Several years earlier, Anderson had proposed modeling a magnetic impurity as a
single quantum state for an electron bound to a local site. According to the
Pauli exclusion principle, the site can be occupied by up to two electrons
(with opposite spins) but repulsion could make it energetically favorable for
only a single electron to reside there. Then that electron's spin would be free
to point in any direction. In 1966, Kondo's phenomenological model was shown to
emerge from Anderson's more microscopic one: tunneling of electrons on and off
the local site makes delocalized electrons want to make their spin opposite that
of the local electron. At low temperature, a single delocalized electron pairs
with the local electron to form a state of total spin zero: a singlet. The
basic physics behind this is the same that drives the two electrons in a
H2 molecule to take on opposite spins.
Kondo Effect and Single Electron Transitors
With nanotechnology, experimental physicists can design and fabricate single
artificial magnetic impurities, such as semiconductor quantum dots, molecules, and
nanotubes. In each of these systems, conducting leads attached to the artificial
impurity play the same role as the host metal of a traditional magnetic
impurity. Electron flow from one lead to the other through the magnetic
impurity serves as a powerful probe of the local electronic states.
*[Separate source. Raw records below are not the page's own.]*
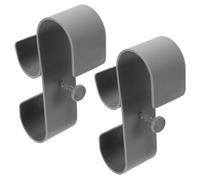 DIYEAH Lot de 2 Crochets Doubles en Plastique Gris pour Clôture de Piscine, Supports de Couverture et Porte-Accessoires Piscine, Équipements Multi-usages pour Serviettes et Outils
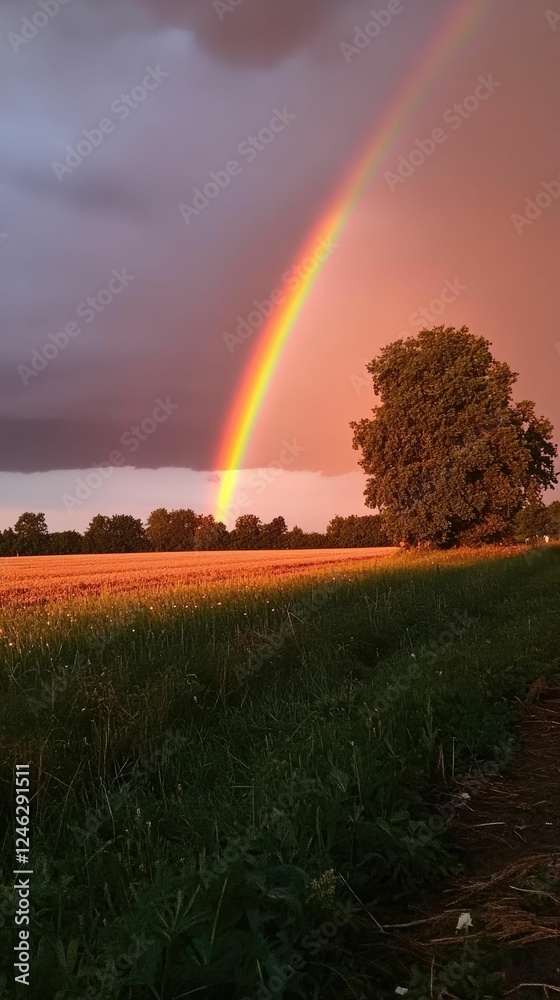 Rainbow arches over field, tree, and vegetation. Rainbow arches over field, tree, and vegetation.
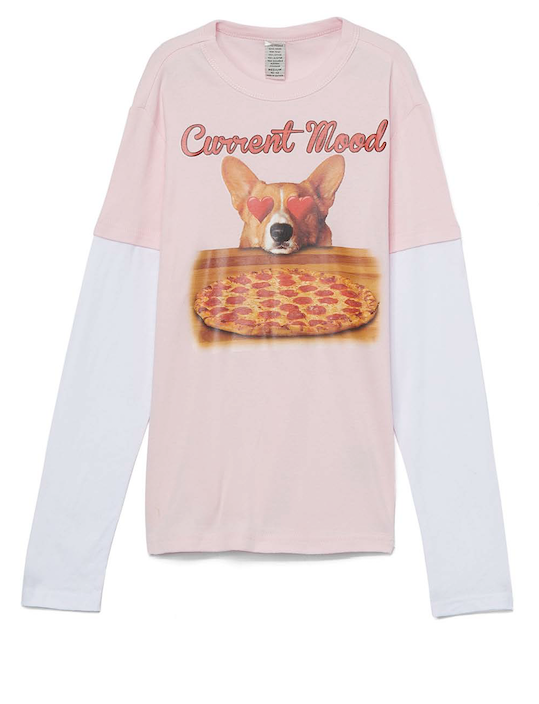 Girls Long Sleeve Top - Pizza/Dog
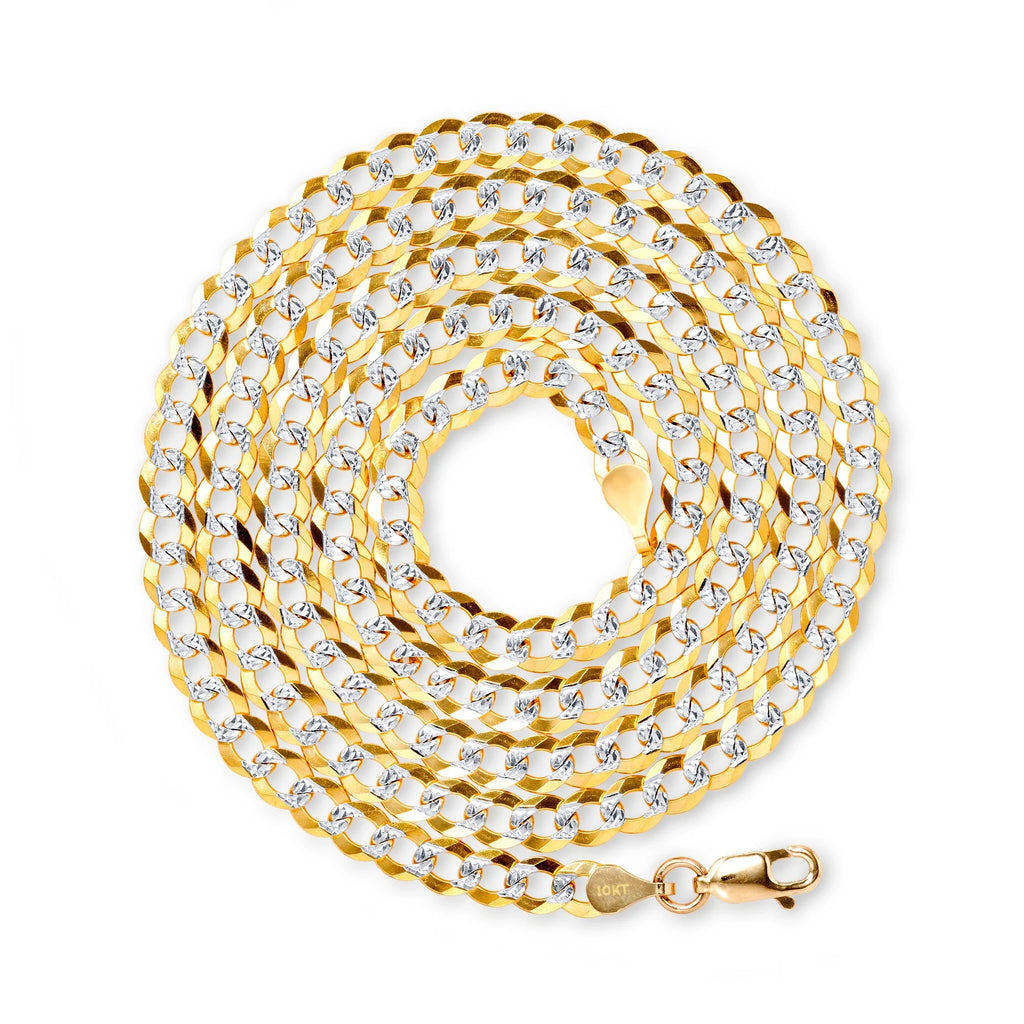 10k Yellow Gold Solid 5mm Cuban Chain Diamond Cut Pave Two Tone Bracelet N159721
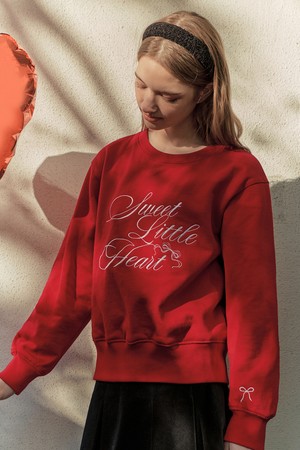 리본 레터링 맨투맨 / 레드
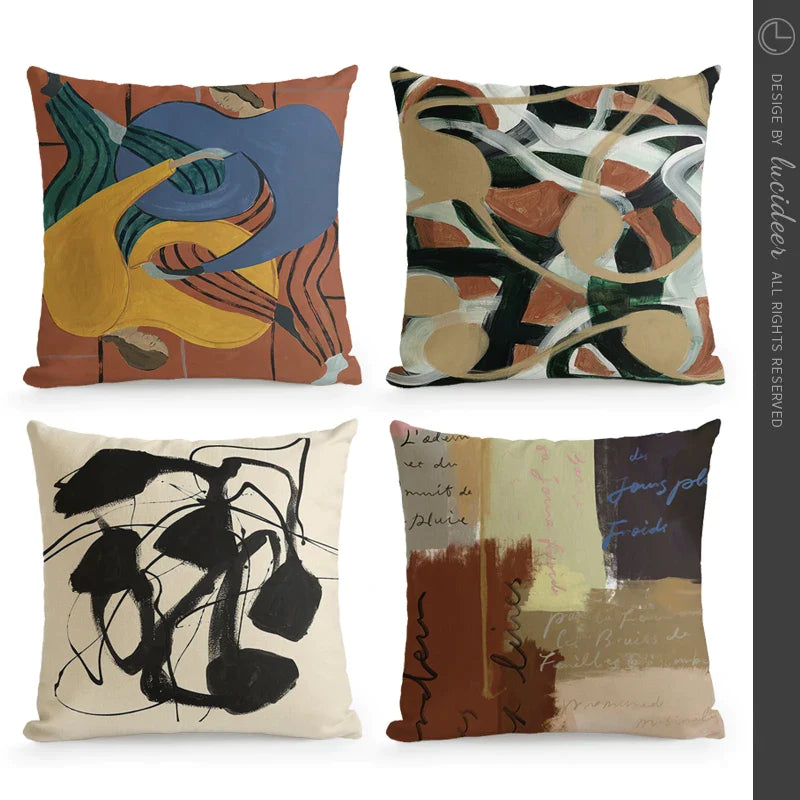 Afralia™ Vintage Art Nordic Design Cushion Cover 55x55 - Home Decoration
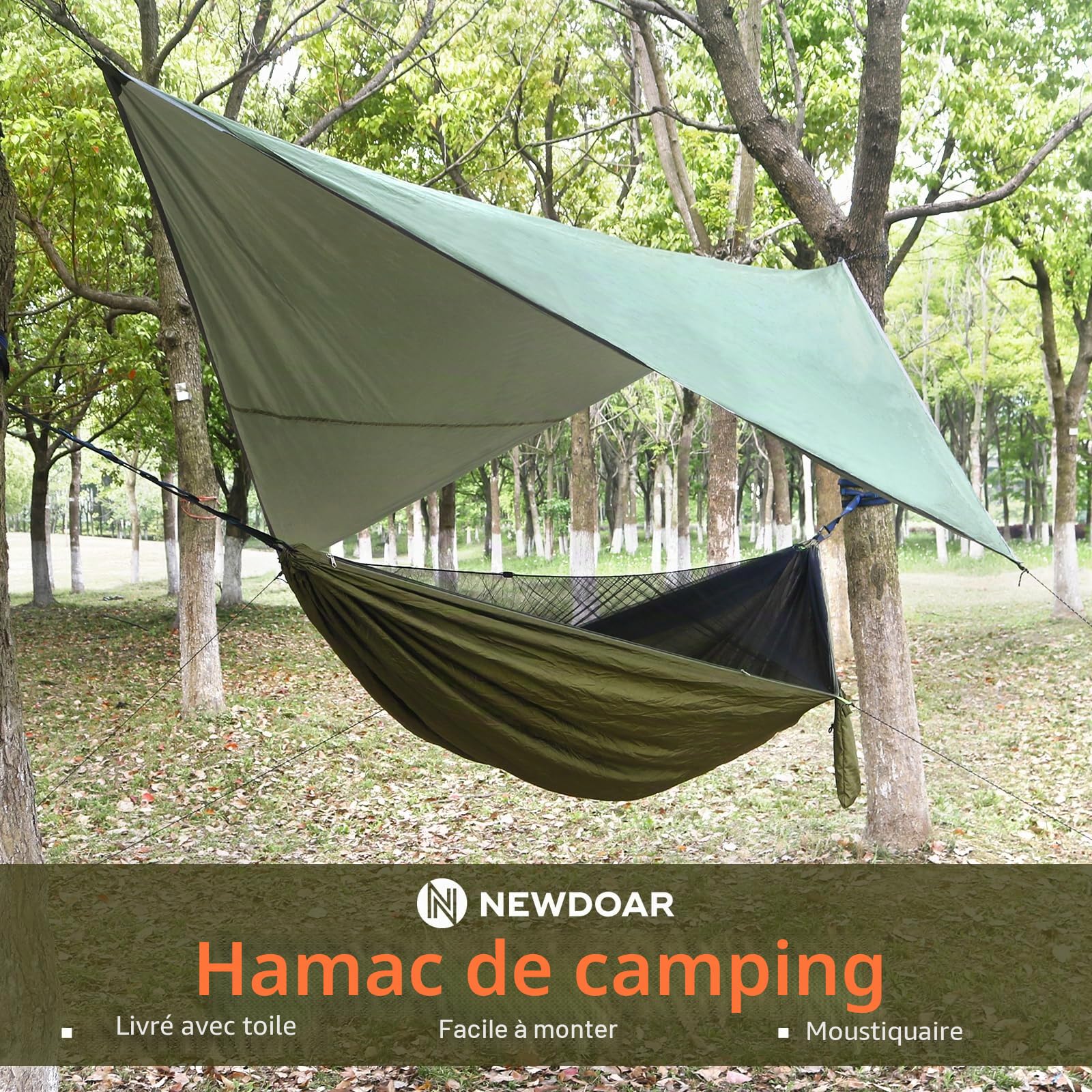 NewDoar Hamac de camping avec moustiquaire et bâche anti-pluie, ensemble de parachute portable en nylon avec sangles d'arbre, lit balançoire pour randonnée, randonnée (vert militaire)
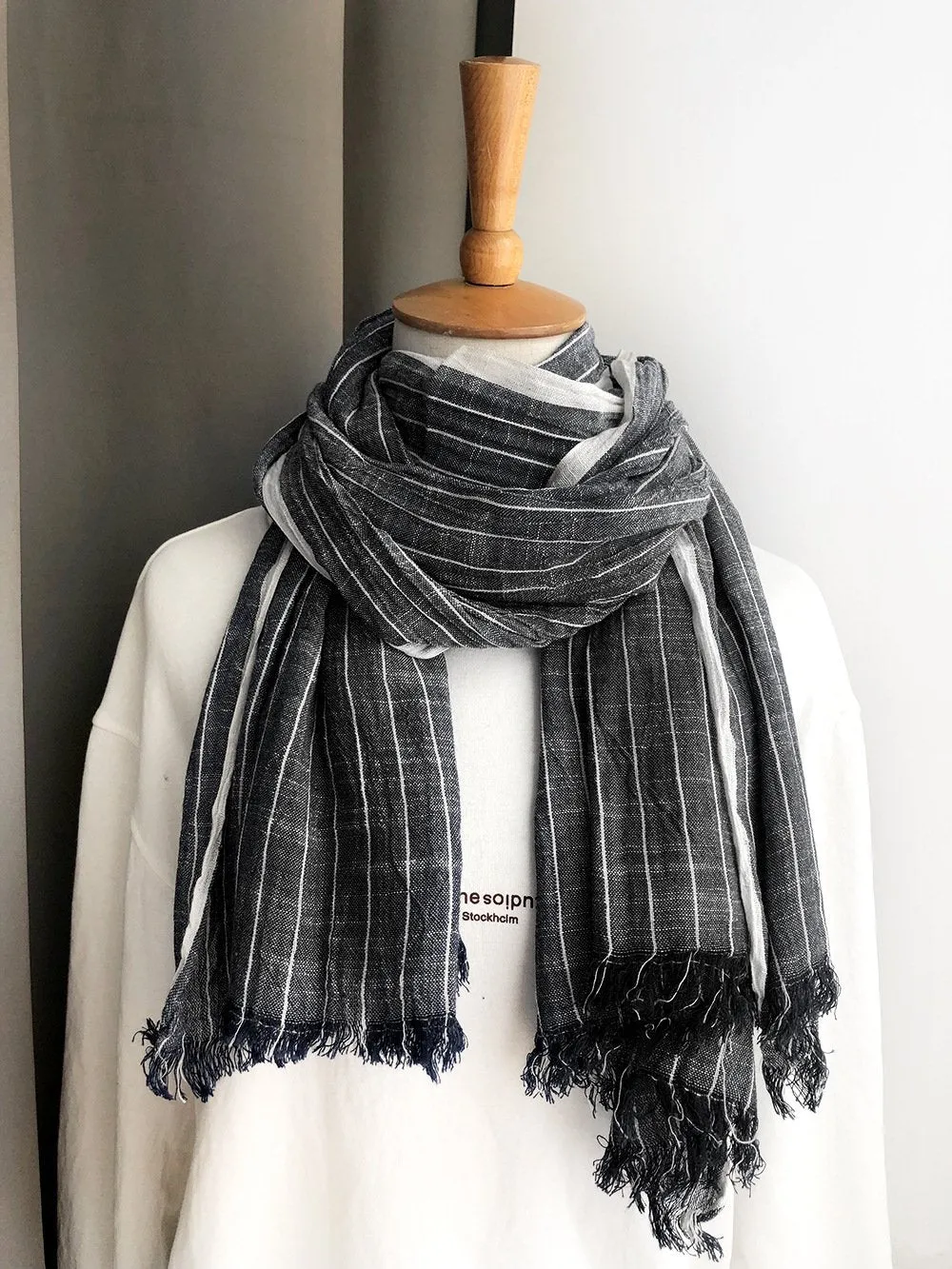 Casual Linen Stripe Scarf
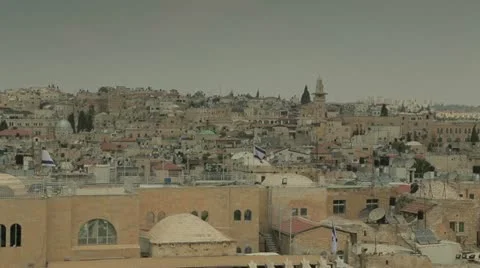 Jerusalem panoramic view of Wailing Wall Stock-Footage 11238155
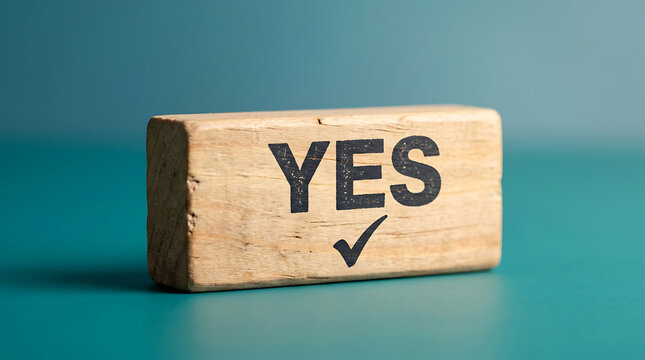 Wooden block with yes text and check mark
We choose to use a AlGaAs/GaAs heterostructure which contains a high mobility
two dimensional electron gas (2DEG) about 100nm below the surface to form the
artificial magnetic impurity. Using both electron beam and optical
lithography, metal gates are patterned on the insulating surface of the
heterostructure (annealed ohmic contacts to the 2DEG are fabricated in an earlier
lithography step). When negative voltages are applied to the gates, the electrons
in the 2DEG below are repelled, creating a shadow of the gates in the conducting
2DEG. In this way we can form narrow constrictions (quantum point contacts) or
separate islands of electrons (quantum dots), such as in the figure below.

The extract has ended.